In "Earth-bound," Milligan sizes up the view, chronicling the environmental and human ruin, forever entangled in the presence of memory:

They're ripping out the rusted rails:
the gravel track-bed snakes away
ribbed with troughs of absent ties
that catch the stormy night's remains
to burn as mirrored rungs at dawn
as if Jacob's ladder had come
asunder with some wild desire
and fallen blessed with angel's fire.

The second section, "prose poems written at speed," riveting in pace, whimsical at times, and "fugue sans fin," scurries across the "perpetual mysteries" of his childhood, the "tiny stage" of adolescence, and the unanswered questions of family, the loss of his mother, the travails of his father, that "last like Persephone's story, as good on one spinning planet as on any other."

In "A Desert Mountain Love Song," Milligan writes:

You knew the place for what it was the first and only time you saw it--below the tree-line stand of aspen on the summit of Mt.
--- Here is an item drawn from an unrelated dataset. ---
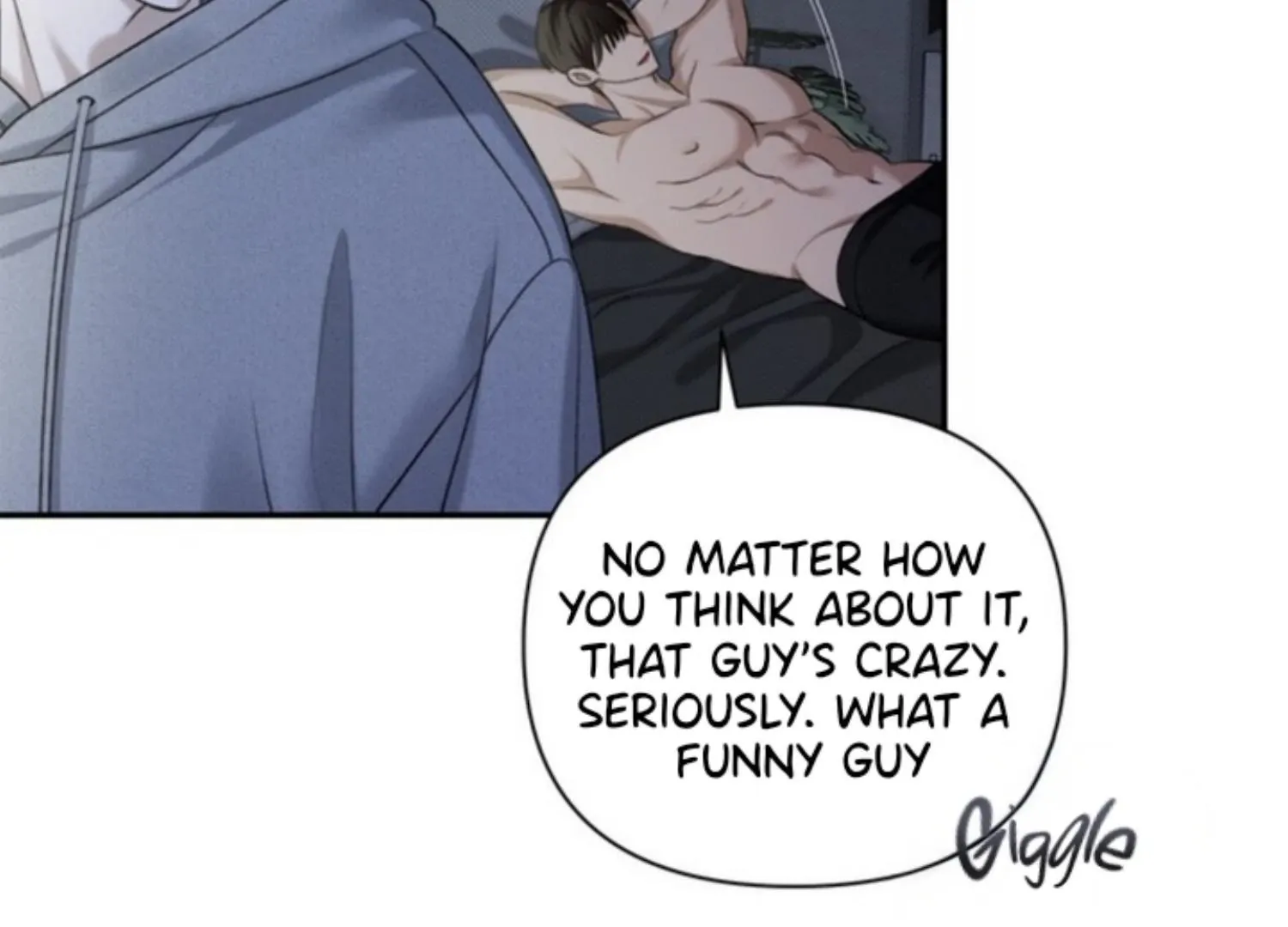 Read Eighteen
Livermore, where from a den of red-skinned madrones a clear eight-mile sight line across the valley of the Limpia (dry for decades but a chirping little stream in your earliest memories) revealed the gleaming twin domes, now a trio, atop Mt. Locke--a place you knew no one but a lost coyote would ever find you so you put an "x" on a map and took the coordinates so that years later, which is to say yesterday, you could send postcards to your daughter and your son on opposite ends of the country saying simply "Look here when you have to. All my love."

"Some social join, and leagues combine," Scottish bard Robert Burns once wrote. "Some solitary wander."

With his powerful new collection of poems, Milligan reminds us that both lives are possible, and inevitable, and full of wonder, in "arabesques for travelers" on any highway.